Desde luego, la evidencia de que el camión estuvo circulando a tan alta velocidad, si evidenciaba algo, es el hecho de que algo fuera de lo común pasó en la carretera. Un camión de gran tonelaje, que además transportaba una carga extremadamente peligrosa, conducido por un profesional con muchos años de oficio y que viajaba con lo más preciado para él como era su familia; no arriesgaría su vida y la de sus seres queridos por el simple hecho de pisar a fondo el acelerador.
Es fácil conjeturar y sacar a relucir el ingenio para intentar dilucidar que aconteció aquel 25 de junio de 1986. Así ocurrió en las fechas del trágico accidente, y así, aún hoy día, el suceso que la INTERPOL calificó cómo,- el más extraño de los acontecidos en toda Europa-, sigue formulando hipótesis de todo tipo.
Se dijo que la familia estaba metida en tráfico de drogas.
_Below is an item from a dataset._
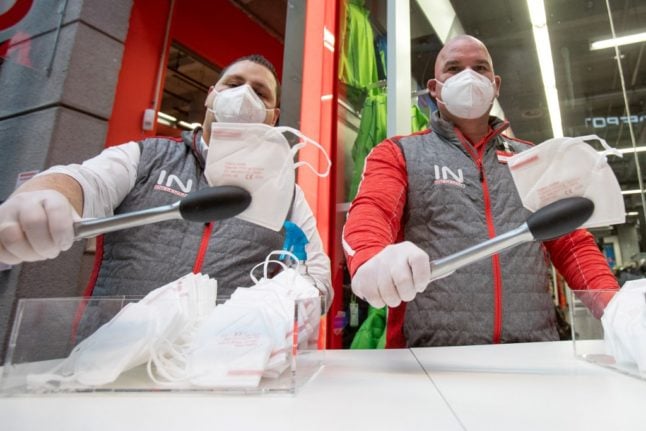 Employees of a supermarket use tongs to distribute FFP2 protective face masks to customers in Vienna.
Que se dedicaban al contrabando, y que todo fue un ajuste de cuentas. Se especuló con la posibilidad de que los conductores de la extraña furgoneta habían raptado al niño, y de ahí la desesperación de los padres por neutralizar al vehículo circulando tan rápido y con el desgraciado desenlace. También se dijo que, tras el accidente, al niño se lo llevaron en aquella furgoneta raptado, quizá como mercancía sexual o para el tráfico de órganos.
Los carteles con la foto de Juan Pedro se repartieron por muchos municipios, y durante algún tiempo, las fuerzas del orden recibieron llamadas de testigos que aseguraban haber visto a Juan Pedro en distintos lugares de España, pero siempre carecían dichos testimonios de fundamento y garantías de veracidad.
Con la pena de no haber resuelto la misteriosa desaparición del niño Juan Pedro, se decidió cerrar el caso y darlo por desaparecido en circunstancias anómalas y misteriosas. Hoy día son sus abuelos los que, de vez en cuando, a través de algún medio de comunicación al llegar el aniversario de aquel terrible suceso, nos estremecen con el testimonio desgarrador de la ignorancia ante lo ocurrido y el desconocimiento absoluto de qué pasó con su nieto.
JUAN PEDRO MARTÍNEZ

Mucho me temo que, al igual que en miles de casos acontecidos a lo largo de la historia, el suceso de la sierra madrileña quedará inmune al conocimiento de la gente. Seguiremos escribiendo páginas y relatando los hechos, una y otra vez, por siempre. Y aunque jamás se sepa la verdad de lo que ocurrió, al menos la memoria de Juan Pedro siempre estará viva en nuestros recuerdos.
Las laderas de la sierra madrileña serían los únicos testigos de lo acontecido esa noche. En el asfalto de aquellas curvas sinuosas, quedará por siempre grabado junto a los estremecedores frenazos que rasgaron el pavimento, la verdad perpetua de Juan Pedro Martínez, “el niño de Somosierra”.